I never imagined I could be seduced by the elegance of tweezered plating or the performance of a dish’s presentation or the subtleties of lighting and ambiance and design. I’ve seen too much. Cleaned too many hood vents and fryers. A scar-ridden, back-aching, bitter and forever a realist line cook. A guy whose ten years in kitchens has attuned him to every bullshit element of dining out and armed him with an X-ray vision capable of seeing through all the tricks and concealments. The truth is I, like many line cooks, am deeply sentimental. We’re more than willing to surrender to the romantics of food, cooking and dining despite all we’ve seen and we’re especially willing to submit to the cult-like charisma of the world’s greatest chefs.

That’s how I arrived at Pujol, the flagship restaurant of chef Enrique Olivera. This came at the end of weeklong trip around Oaxaca.
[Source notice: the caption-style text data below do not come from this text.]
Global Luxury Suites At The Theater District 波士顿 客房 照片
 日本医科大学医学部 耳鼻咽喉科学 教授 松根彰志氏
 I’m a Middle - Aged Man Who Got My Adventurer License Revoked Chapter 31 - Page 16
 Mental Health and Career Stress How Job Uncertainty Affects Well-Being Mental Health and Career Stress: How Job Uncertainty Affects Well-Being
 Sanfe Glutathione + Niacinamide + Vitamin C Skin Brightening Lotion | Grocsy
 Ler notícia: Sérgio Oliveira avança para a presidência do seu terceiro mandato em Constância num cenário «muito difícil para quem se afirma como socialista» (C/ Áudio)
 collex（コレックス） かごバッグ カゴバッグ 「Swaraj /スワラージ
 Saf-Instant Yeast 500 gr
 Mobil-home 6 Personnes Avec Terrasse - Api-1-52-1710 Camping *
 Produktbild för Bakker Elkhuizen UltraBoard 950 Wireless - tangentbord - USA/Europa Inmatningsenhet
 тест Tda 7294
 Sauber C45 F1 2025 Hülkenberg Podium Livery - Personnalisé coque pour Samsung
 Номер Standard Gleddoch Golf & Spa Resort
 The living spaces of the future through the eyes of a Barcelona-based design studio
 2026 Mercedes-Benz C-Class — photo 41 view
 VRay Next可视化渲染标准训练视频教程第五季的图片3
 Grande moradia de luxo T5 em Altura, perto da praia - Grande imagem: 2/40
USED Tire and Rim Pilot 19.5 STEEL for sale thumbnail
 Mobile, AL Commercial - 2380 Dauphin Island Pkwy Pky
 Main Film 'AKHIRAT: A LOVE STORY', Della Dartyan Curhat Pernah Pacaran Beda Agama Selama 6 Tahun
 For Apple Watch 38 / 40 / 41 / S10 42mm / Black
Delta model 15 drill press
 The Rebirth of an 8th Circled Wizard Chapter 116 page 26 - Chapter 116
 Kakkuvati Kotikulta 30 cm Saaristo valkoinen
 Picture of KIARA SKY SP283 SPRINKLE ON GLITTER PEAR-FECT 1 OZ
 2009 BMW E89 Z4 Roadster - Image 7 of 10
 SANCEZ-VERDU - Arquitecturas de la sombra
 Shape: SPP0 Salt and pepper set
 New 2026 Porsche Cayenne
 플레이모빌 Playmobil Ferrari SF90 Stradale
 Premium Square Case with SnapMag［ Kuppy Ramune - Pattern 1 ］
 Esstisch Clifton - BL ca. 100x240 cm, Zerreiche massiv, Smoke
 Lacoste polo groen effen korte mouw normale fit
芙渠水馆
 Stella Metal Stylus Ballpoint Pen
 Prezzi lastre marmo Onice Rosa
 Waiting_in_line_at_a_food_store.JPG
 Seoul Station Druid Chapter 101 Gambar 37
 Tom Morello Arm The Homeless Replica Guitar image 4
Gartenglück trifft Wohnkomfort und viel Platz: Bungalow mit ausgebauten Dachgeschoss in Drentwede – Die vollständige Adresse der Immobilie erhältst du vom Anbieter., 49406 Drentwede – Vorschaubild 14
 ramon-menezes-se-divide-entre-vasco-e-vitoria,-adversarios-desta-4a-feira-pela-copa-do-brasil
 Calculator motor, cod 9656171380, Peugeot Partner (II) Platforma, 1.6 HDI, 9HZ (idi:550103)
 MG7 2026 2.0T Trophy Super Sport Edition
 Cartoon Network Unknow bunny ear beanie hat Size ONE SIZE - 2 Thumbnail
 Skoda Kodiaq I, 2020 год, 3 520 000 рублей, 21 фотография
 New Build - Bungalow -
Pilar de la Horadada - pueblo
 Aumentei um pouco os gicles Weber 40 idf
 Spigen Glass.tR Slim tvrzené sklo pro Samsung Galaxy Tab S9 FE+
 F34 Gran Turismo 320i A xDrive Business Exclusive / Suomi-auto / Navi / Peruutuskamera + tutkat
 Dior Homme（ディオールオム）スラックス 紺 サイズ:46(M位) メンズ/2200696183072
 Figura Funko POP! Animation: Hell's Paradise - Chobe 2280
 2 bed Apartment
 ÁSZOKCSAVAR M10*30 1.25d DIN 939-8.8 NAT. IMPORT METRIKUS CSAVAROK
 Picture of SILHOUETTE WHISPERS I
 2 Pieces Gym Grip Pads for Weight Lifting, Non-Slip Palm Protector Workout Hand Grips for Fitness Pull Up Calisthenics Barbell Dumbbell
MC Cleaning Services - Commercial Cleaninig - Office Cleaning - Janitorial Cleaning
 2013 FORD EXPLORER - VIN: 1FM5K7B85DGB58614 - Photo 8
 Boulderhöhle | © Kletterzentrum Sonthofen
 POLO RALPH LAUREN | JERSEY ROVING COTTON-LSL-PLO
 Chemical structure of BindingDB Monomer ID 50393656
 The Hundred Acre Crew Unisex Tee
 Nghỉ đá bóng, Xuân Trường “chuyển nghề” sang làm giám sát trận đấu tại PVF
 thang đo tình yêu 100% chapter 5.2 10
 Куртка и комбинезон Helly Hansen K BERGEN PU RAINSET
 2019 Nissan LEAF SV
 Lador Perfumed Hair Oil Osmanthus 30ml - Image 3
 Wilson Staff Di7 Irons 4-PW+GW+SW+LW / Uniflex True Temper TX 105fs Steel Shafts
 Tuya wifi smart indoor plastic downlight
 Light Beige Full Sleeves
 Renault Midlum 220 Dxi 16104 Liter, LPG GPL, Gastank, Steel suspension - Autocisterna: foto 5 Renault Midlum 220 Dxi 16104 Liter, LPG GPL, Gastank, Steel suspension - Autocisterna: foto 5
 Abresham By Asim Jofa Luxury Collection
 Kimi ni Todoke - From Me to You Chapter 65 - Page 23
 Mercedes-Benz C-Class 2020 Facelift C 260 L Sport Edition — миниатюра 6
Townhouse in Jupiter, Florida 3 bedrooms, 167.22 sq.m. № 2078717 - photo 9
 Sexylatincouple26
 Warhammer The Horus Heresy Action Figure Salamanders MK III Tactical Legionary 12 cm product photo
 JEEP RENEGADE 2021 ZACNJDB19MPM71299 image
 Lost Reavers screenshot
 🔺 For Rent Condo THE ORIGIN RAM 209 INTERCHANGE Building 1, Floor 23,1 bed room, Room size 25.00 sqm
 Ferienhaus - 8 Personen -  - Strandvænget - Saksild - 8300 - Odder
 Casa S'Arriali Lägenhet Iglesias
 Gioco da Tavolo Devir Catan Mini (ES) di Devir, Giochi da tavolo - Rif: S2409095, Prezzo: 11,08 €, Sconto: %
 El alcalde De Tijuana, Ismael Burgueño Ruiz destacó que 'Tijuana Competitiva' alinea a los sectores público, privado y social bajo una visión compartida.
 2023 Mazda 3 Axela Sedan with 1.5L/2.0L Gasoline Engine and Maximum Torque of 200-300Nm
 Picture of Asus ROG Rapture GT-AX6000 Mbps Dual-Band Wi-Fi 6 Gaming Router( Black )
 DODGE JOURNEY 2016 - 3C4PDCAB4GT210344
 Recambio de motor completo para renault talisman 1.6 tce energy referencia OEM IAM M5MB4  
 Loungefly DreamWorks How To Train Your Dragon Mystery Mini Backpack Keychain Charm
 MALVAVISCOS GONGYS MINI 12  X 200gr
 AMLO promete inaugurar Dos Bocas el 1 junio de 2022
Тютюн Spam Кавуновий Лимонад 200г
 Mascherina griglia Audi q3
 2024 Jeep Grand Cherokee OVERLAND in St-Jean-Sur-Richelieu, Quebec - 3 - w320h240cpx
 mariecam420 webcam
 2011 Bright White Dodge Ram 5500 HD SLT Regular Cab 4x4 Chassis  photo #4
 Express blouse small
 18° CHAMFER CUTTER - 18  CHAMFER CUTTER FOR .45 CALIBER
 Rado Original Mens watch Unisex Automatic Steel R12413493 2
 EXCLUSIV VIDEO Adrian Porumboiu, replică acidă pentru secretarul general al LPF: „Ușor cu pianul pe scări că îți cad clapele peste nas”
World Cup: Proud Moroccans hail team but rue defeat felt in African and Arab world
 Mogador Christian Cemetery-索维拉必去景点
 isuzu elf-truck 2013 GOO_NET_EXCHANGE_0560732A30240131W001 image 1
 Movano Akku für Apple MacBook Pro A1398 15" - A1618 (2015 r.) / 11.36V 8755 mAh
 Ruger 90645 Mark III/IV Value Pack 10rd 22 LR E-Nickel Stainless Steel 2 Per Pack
Pujol was meant to be the finale of the whole trip; to see how the culmination of Oaxaca’s and Mexico’s food was being “elevated.” Aside from that, I had never been to a restaurant of this caliber – the 9th best restaurant in the world, to be exact.

So, naturally I had certain expectations for a place like this. I am attuned to the intricacies of a restaurant service, the customers, the signs and signals of excellence as well as burn-out. At a top-50 restaurant I expect a level of exceptionalism to the point where the seams of service are so finely stitched together that a person such as myself wouldn’t be able to see where they might’ve been.

I had certain expectations for presenting myself as well. But, I don’t own a suit or even a pair of slacks, so I donned my best button-up, cleanest pair of jeans, concealed my kitchen wounds as best I could and decided to play a rich guy bumming it for a late lunch at Pujol.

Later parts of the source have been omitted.